___ Supplied material

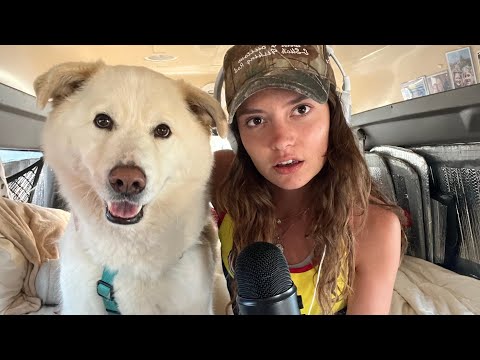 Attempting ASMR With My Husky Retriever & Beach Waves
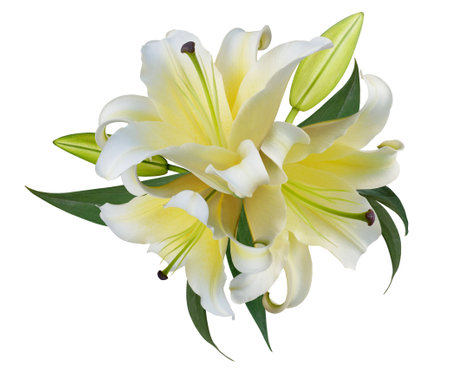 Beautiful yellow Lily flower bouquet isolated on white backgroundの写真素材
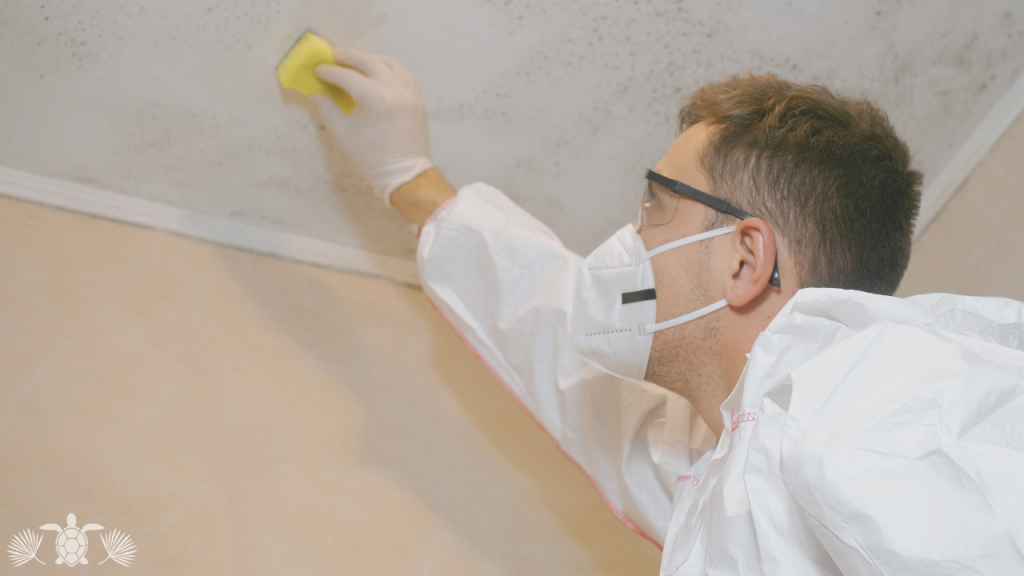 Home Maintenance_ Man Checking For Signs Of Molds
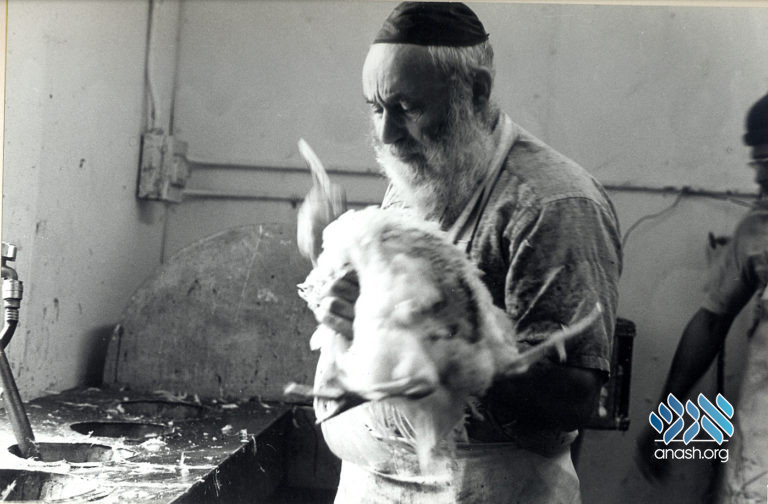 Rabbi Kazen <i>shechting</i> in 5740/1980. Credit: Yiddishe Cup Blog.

______

### Task to carry out
Write out an exact copy of the lines beginning at the line that contains "Beautiful yellow Lily" and ending at the last line of the listing. Exclude pictures.

### Task output
 Beautiful yellow Lily flower bouquet isolated on white backgroundの写真素材
 Home Maintenance_ Man Checking For Signs Of Molds
 Rabbi Kazen <i>shechting</i> in 5740/1980. Credit: Yiddishe Cup Blog.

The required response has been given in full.